Math Problem

[crmayer]

struct tmp_state {
char state[3];
int dh_miles;
int b_miles;
int n_loads;
float lhrev;
float lhtotal;
} temp_state[MAXSTATE];

struct tmp_print {
char state[3];
int dh_miles;
float percent_dh;
int n_loads;
int average_dh;
int b_miles;
int average_loh;
float lhrev;
float lhrev_wo_dh;
float lhrev_w_dh;
float lhrev_acc;
float lhrev_acc_wo_dh;
float lhrev_acc_w_dh;
} temp_print[MAXPRINT];

I am trying to do this:

temp_print.percent_dh = (temp_state.lhrev/(temp_state.b_miles+temp_state.dh_miles)*100);


I am not sure what the problem is, not matter how I try this, temp_print.percent_dh is ALWAYS 0.00. I have tried to put b_miles+dh_miles into a total_miles and then divide it by dh_miles, and I still get the same thing, 0.00.

Is there a problem with b_miles and dh_miles being intager type and percent_dh being float????

I have even tried to make percent_dh a char and print the results into percent_dh with sprintf.

Any ideas as to what might be happening here?

 

[rajmathew]

temp_state[0].lhrev=100;
temp_state[0].b_miles=5;
temp_state[0].dh_miles=5;

temp_print[0].percent_dh = (temp_state[0].lhrev/(temp_state[0].b_miles+temp_state[0].dh_miles)*100);


//printf("f1 is %f\n",f1);
printf("f1 is %f\n",temp_print[0].percent_dh );
getch();


i think the problem is with the values you are using in there
for the values i put in above, i get a value of 1000.
On a guess, just check that in using i, you are not overrunning array indices

 

[Salem]

> I am not sure what the problem is, not matter how I try this, temp_print.percent_dh is ALWAYS 0.00
Well on the face of it, nothing is wrong.
The usual trap here is doing division in integer arithmetic and wondering why the value is zero, but in your case at least, the division looks like its done as a float.

How are you trying to print it?
Using %f conversion I hope, because trying with %d will give you some very odd answers.

--

 

[ArkM]

Optional (but I hope useful advice:
Avoid float type in math calculation: usually it's more better using of double (the only point: don't forget %lf specifier in scanf() format string for double arguments).
It seems your 1st post is too abstract: no your problem context...

 

[crmayer]

I am trying to print it out to the report like this:

formPrint(lineno, 17, "%6.2f", temp_print.percent_dh;

I have put debugging messages in my code, and that value is not getting assigned.

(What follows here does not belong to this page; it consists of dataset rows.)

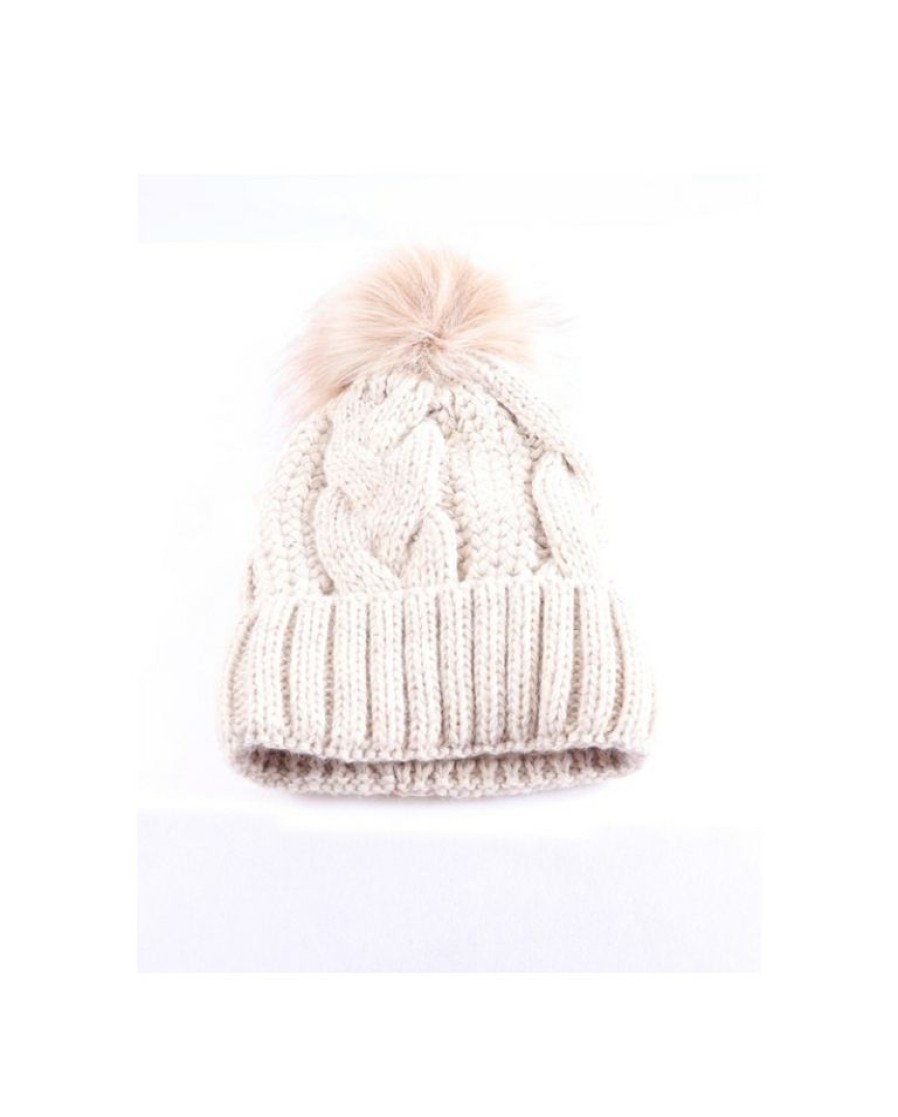 Ladies Hats * | Free Delivery Just 1 Time Ladies' Beige Cable Weave Beanie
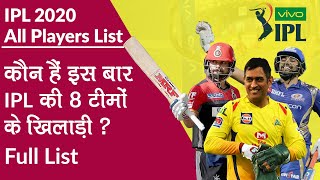 IPL 2020: आईपीएल 2020 की 8 Team में कौन हैं Cricketers | IPL 8 Teams | IPL All Players list |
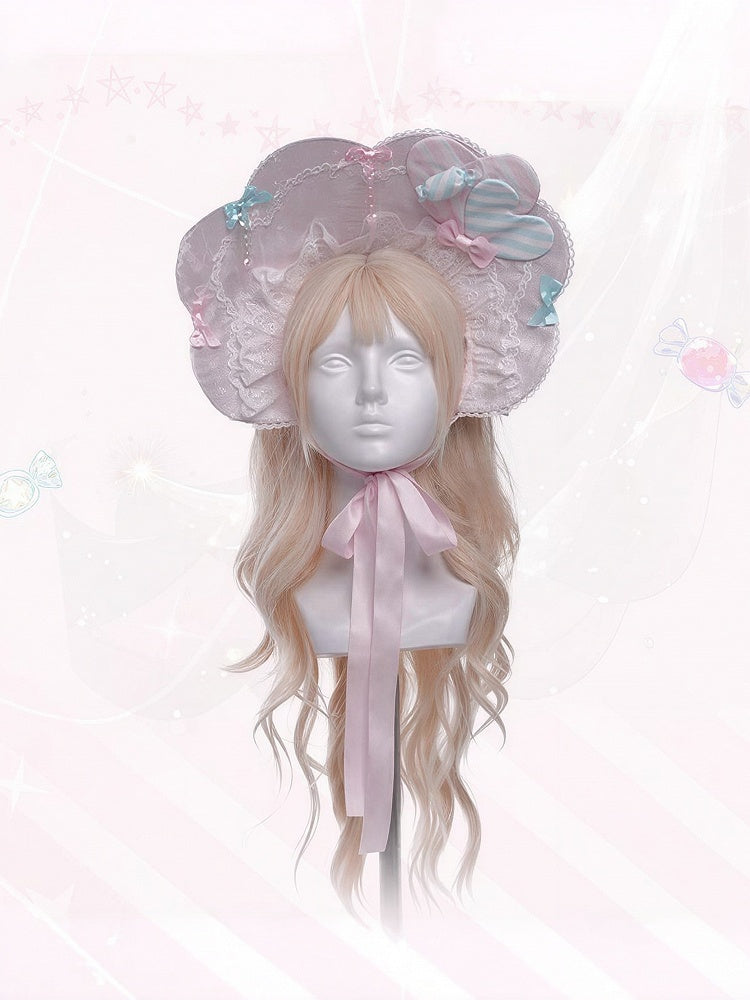 Pink & Blue Scalloped edge Sweet Lolita Bonnet with Heart-shaped Patches and Charms - Meng Fu Zi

I have printed all the values to the screen before running the calculation and then tried to print the percent_dh after that, and it is always 0.0. It is only this value that is messed up, I am doing division on some other values and they are coming out just fine. The only difference is that they are all float. This paticulare one is to integers being divided then being put into a float.

 

[DaveSinkula]

I once had a problem with a C one-liner that confused the compiler. Breaking the calculation into smaller steps and using temporary varaiables was my solution.

   temp_print[i].percent_dh = (temp_state[i].lhrev/(temp_state[i].b_miles+temp_state[i].dh_miles)*100);

You may want to try rewriting it something like this.

   float temp = temp_state[i].b_miles;
   temp += temp_state[i].dh_miles;
   temp_print[i].percent_dh  = temp_state[i].lhrev / temp;
   temp_print[i].percent_dh *= 100.0;

 

[Salem]

You need to post a reasonable snippet of code - perferably something which compiles and runs, and demonstrates the problem. That way, we all have something we can try.

Don't forget to mention which OS/Compiler you are using.

Here's another idea - the code in question is mistakenly inside a comment.



--

 

[zub44]

It sounds to me like temp_state.lhrev = 0.0, but if you are sure that the values of the arguments are all correct before the operation, then try:

temp_print.percent_dh = (temp_state.lhrev/((float)[/color red]temp_state.b_miles+temp_state.dh_miles)*100.0[/color red]);


Printing out values is a good way to debug programs that deal with numerical computations. Also, you can try double instead of float.